Kindheitserinnerungen an den 10. November 1938

Die Brandlegung erfolgt auf Befehl. Am Morgen des 10. November 1938 – und damit im Zuge der landesweiten Gewaltaktionen gegen Jüdinnen und Juden rund um den 9. November – weist der SS-Standartenführer Hermann Florstedt (später Kommandant im Konzentrationslager Buchenwald) den SS-Hauptsturmführer Heinrich Lumpe an, die 1904 eingeweihte Siegener Synagoge in Brand zu setzen. Die Befehlskette geht weiter: Unterscharführer Erich Wünsch soll Polizei und Feuerwehr informieren und einige Männer zusammentrommeln, die das jüdische Gotteshaus am Obergraben zerstören könnten. Ein Dutzend Brandstifter treffen sich mittags gegen 12 Uhr bei der Synagoge. Auch Heinrich Lumpe und Erich Wünsch sind dabei. Die Männer dringen durch eine Seitentür in die Synagoge ein, zertrümmern Bänke, Altaraufbau, Predigtpult und Harmonium und zünden all das, zu einem Feuer geschichtet, mit Benzin aus Wehrmachtskanistern an.

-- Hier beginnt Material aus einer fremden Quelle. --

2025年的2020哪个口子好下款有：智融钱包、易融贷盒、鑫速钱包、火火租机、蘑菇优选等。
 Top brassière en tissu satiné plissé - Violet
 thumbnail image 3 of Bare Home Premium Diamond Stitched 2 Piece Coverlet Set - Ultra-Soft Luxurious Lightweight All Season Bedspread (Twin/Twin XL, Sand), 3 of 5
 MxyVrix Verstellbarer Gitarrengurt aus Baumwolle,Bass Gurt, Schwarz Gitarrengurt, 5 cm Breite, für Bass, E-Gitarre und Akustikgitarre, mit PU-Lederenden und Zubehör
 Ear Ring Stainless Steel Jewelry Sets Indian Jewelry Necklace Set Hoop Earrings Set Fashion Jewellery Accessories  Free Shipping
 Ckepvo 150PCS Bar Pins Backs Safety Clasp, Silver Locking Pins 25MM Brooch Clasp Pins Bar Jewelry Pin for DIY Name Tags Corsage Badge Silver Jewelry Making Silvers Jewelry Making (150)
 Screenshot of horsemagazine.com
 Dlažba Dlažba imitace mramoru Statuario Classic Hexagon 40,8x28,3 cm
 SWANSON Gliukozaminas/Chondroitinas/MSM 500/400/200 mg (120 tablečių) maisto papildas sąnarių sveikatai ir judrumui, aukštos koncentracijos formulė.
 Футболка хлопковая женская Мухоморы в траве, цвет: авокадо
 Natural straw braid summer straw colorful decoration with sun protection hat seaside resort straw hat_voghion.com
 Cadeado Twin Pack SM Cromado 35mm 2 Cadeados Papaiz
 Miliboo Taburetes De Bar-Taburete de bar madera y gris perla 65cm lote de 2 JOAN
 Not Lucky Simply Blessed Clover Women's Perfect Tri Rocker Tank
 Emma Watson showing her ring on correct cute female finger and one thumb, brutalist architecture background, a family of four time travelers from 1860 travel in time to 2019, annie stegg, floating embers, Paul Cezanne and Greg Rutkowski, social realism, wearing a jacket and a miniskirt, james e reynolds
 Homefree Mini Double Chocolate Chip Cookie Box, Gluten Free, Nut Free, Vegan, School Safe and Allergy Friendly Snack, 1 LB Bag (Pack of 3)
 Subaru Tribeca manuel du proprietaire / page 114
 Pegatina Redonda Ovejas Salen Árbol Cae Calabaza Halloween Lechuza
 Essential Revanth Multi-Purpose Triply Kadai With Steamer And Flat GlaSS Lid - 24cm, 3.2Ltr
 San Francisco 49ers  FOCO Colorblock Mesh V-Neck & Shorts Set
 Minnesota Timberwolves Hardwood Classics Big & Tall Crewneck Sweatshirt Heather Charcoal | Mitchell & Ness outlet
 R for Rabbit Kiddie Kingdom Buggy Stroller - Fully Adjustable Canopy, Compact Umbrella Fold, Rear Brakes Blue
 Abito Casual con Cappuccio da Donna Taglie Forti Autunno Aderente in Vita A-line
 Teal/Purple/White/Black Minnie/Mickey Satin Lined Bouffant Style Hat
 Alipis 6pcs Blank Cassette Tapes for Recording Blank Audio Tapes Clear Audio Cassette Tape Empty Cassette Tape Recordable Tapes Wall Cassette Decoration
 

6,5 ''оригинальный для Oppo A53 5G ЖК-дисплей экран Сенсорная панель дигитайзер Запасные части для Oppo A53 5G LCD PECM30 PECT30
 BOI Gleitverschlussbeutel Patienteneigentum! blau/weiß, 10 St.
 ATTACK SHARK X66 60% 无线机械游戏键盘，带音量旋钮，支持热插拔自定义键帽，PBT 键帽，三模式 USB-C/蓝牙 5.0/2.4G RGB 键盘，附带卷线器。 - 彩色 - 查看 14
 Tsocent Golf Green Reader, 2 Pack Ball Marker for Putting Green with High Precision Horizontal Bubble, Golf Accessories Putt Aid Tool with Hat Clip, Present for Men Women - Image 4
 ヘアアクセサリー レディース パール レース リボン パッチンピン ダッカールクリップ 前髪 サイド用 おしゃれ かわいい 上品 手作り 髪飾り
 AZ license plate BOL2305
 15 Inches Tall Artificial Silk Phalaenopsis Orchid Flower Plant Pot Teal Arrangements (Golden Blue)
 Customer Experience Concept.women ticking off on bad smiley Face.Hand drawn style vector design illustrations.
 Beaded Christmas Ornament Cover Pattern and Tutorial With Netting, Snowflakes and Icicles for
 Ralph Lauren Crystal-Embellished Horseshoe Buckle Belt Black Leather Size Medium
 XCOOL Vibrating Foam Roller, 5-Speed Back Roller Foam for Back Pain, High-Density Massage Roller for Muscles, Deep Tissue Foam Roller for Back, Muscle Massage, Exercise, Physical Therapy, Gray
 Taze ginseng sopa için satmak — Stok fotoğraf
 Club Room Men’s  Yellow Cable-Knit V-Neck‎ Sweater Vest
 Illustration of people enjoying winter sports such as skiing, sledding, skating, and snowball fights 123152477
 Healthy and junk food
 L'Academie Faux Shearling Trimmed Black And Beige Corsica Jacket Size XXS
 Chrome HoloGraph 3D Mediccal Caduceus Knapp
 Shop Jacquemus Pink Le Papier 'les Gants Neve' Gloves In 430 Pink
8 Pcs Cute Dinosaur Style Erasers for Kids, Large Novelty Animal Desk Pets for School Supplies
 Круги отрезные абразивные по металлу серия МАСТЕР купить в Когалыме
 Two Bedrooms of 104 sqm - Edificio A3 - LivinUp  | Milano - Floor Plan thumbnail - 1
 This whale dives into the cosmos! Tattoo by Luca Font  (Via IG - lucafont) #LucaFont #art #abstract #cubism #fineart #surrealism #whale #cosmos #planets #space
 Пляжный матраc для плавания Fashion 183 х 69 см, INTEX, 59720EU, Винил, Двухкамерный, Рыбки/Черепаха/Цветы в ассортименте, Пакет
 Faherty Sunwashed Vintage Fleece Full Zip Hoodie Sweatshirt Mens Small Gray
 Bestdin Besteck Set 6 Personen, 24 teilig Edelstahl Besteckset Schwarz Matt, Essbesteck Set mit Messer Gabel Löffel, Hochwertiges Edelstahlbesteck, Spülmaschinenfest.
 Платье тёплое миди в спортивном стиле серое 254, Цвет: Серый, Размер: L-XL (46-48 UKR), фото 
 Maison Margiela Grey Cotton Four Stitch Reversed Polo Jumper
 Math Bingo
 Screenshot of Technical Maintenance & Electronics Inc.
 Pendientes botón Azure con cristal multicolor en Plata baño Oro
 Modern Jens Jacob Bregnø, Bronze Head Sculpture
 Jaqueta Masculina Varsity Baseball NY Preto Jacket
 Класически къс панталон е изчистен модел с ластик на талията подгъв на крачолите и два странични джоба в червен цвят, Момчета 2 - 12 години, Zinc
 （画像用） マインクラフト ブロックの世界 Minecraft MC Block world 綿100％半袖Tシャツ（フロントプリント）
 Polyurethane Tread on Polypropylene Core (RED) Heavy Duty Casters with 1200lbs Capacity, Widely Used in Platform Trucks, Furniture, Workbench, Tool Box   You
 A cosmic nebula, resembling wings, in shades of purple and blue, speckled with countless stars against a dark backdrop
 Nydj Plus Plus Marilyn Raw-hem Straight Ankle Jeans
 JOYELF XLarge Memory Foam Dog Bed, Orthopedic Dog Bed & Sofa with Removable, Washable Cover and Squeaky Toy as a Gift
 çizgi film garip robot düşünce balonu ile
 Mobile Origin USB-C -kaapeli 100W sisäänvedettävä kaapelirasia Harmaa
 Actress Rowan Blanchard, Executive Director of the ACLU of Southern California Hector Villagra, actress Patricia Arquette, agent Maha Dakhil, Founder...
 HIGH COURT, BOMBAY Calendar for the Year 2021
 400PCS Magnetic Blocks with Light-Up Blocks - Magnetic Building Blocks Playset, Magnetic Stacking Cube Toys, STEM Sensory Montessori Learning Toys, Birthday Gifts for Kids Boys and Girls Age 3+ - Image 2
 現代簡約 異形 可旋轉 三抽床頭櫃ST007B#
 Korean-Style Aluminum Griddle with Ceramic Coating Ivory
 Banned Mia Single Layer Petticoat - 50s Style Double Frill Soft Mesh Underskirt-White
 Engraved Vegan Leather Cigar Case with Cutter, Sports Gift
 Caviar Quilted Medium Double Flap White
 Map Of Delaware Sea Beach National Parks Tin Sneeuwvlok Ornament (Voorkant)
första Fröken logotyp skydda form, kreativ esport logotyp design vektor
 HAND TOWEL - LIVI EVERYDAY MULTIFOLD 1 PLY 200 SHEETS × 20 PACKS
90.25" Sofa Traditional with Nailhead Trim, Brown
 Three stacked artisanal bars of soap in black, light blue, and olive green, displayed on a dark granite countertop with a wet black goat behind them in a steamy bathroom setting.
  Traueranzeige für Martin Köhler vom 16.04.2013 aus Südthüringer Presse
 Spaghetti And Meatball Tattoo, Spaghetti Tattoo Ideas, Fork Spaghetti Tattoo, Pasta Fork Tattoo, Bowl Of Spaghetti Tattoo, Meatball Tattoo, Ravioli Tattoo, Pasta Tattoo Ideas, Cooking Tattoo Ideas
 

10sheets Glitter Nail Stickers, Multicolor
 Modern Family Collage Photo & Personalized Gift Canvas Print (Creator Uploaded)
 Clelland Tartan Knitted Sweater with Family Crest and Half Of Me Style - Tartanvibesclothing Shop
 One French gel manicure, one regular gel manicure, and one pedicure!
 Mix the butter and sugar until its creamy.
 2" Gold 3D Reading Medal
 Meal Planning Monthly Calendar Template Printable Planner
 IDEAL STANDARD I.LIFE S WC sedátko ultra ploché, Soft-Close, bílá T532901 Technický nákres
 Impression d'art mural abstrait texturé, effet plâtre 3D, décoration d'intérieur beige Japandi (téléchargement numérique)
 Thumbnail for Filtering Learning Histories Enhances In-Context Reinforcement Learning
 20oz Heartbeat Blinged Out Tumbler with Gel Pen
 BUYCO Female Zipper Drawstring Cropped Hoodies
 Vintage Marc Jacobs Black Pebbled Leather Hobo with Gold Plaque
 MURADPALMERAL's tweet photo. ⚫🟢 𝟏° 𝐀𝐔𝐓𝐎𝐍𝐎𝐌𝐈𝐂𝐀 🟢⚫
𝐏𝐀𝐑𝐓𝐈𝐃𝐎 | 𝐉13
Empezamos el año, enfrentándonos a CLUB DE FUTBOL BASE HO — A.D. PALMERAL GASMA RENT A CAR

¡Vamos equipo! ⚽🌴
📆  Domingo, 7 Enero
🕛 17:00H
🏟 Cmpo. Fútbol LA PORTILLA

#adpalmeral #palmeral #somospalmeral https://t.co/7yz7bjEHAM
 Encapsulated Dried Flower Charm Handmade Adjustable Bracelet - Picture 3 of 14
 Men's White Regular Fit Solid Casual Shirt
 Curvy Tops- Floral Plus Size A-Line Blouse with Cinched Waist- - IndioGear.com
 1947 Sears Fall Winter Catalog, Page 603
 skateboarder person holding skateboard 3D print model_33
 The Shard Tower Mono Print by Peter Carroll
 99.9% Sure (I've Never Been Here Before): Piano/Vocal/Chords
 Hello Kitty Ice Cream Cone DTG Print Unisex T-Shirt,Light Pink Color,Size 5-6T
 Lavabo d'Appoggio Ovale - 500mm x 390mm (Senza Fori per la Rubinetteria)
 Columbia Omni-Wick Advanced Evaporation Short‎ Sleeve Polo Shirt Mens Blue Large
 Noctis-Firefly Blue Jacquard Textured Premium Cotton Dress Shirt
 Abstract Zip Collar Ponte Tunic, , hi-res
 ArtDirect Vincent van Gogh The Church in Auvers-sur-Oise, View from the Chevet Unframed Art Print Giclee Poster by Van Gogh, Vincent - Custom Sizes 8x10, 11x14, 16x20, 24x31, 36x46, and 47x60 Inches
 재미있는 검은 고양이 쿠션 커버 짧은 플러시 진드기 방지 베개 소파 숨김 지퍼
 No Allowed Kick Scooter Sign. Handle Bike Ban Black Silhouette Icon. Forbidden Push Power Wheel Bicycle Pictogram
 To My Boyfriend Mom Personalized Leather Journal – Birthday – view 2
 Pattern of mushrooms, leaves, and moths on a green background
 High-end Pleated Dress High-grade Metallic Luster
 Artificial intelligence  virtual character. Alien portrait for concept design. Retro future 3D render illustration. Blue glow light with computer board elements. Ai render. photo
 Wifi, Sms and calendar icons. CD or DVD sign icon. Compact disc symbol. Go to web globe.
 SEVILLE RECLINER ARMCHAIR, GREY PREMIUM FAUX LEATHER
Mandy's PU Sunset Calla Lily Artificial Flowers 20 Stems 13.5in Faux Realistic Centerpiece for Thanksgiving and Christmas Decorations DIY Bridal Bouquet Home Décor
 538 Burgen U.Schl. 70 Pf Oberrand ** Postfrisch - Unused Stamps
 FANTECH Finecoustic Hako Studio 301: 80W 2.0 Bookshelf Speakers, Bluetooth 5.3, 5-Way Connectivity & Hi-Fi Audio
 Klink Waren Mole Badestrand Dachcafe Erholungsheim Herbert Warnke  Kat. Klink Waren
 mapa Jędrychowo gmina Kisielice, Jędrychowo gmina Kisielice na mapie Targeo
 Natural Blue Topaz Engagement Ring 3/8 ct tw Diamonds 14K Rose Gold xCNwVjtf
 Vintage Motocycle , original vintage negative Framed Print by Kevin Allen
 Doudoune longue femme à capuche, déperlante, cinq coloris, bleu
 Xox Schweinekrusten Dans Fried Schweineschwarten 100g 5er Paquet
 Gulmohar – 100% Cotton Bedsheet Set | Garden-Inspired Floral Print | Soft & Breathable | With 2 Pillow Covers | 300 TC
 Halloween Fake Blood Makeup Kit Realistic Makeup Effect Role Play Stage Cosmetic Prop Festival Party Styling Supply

Schnell breitet sich das Feuer aus. Die alarmierte Feuerwehr schützt allein die angrenzenden Gebäude, vor allem das benachbarte Krankenhaus. All das geschieht öffentlich. Der Brand lockt viele Schaulustige an, auch Kinder. Charlotte Thiemann ist damals sieben Jahre alt. Mit ihrem Freund Friedhelm ist sie vom Effertsufer aus der Feuerwehr hinterhergerannt. Die Kinder sehen, wie das stattliche Gebäude brennt. Dass es sich um eine Synagoge handelt, wissen sie nicht. Charlotte Thiemann hat nie vergessen, wie die Flammen aus dem Dach des jüdischen Gotteshauses geschlagen sind.

26. September 2025

Zur Person

Charlotte Thiemann geb. Rennings kam am 6. Mai 1931 in Wuppertal-Barmen zur Welt. Im Jahr 1936 zog die Familie nach Siegen. Charlotte besuchte zunächst die Hammerhütter Schule, bis zur Mittleren Reife dann das Mädchengymnasium. Bei Webmeisterin Hildegard Bäumner lernte sie anderthalb Jahre in der Siegener Webschule im Oberen Schloss das Handweben, wechselte dann aber 1950 ins Telegraphenamt. Dort hat sie acht Jahre gearbeitet. 1955 heiratete sie Walter Thiemann (1931-2004). Er war Lehrer am Löhrtor-Gymnasium. Die beiden bekamen fünf Kinder. Charlotte Thiemann engagierte sich wie ihr Ehemann in der Kantorei Siegen.